How could this be? I harrumphed. How can something so seminal to the modern concept of a casino-resort in Nevada, across California and in destinations from Miami to Macau, be ready for its erasure?

Yet, as with such OGs as Eva Peron, Jesus Christ and Chris Farley before it, the Mirage won’t live past 34. So far there’s not that much known beyond the fact that the famous volcano and Cirque du Soleil’s very best production, The Beatles’ Love, remain through at least 2023 and the Secret Garden & Dolphin Habitat is (blessedly) already gone. Other than that we’ve got a promise from  Hard Rock CEO Jim Allen that this won’t be quick, simple or cheap.

Still, the entire endeavor baffled me as someone who arrived in Vegas in 1996 and bore witness to the implosions of the Hacienda, the Stardust, the Sands and the Frontier. All were pale imitations of their earlier glory having been left to decay and molder until blowing them to smithereens was the only rational Vegas-style thing to do with them. (OK, fine, only the Stardust and the Sands actually ever had any glory. Still.) Those were mercy killings.

Don’t get too attached to Vegas Strip casinos

The Mirage is not decrepit – and you know this because they’re not blowing it up.
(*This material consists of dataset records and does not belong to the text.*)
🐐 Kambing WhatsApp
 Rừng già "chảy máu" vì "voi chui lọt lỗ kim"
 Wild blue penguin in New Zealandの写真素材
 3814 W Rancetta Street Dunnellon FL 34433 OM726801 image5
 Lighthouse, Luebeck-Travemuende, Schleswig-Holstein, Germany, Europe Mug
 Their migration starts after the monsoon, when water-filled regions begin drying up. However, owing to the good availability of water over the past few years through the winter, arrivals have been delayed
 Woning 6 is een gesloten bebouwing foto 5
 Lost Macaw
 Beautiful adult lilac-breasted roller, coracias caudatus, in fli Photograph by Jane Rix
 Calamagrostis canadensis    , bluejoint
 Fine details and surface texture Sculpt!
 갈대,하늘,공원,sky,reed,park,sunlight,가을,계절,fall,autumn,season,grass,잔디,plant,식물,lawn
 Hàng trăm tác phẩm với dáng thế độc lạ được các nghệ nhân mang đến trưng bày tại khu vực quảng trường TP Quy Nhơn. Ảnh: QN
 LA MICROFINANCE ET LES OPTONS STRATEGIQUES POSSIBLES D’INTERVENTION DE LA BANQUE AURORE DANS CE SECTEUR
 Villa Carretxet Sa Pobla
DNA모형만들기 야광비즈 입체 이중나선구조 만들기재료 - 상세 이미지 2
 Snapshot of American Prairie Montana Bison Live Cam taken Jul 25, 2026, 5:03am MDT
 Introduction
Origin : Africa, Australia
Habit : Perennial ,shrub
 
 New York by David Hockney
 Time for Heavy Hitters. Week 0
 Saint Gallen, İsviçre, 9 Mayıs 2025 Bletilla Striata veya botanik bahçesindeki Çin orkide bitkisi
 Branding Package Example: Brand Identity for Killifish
Yes, it had steadily shifted from the top-of-the-market when it opened in all its fabulousness in 1989 to a middle-tier option by the time it was 20. That’s when its owners, previously MGM Mirage, were opening the mind-boggling CityCenter and used the occasion to dump Mirage from their corporate name.

Still, it remains pretty popular. On VegasMate, the review app, the Mirage is the No. 7 most searched and most “added to trip plans” of all hotels over the past year, says the app’s owner and programmer Hunter Hillegas. (Bellagio is No. 1.) Listeners of the seminal Las Vegas podcast “Five Hundy By Midnight” have chimed in in droves with laments about all this, too, to which co-host Tim Dressen reminds them:

“Nothing on the Las Vegas Strip is permanent, and getting attached to anything on the Strip is sure to result in disappointment.”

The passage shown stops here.